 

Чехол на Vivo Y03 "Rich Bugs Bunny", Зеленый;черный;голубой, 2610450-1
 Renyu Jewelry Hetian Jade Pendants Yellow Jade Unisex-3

* * *

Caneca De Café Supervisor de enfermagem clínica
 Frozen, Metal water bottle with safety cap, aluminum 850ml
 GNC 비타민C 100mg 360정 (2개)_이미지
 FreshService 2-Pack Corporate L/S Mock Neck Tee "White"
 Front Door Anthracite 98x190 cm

- **Work item**
An exact copy of the lines above, from the one containing "Frozen, Metal water" through the one containing "Front Door Anthracite 98x190 cm", is the whole of the answer.

- **Task result**
 Frozen, Metal water bottle with safety cap, aluminum 850ml
 GNC 비타민C 100mg 360정 (2개)_이미지
 FreshService 2-Pack Corporate L/S Mock Neck Tee "White"
 Front Door Anthracite 98x190 cm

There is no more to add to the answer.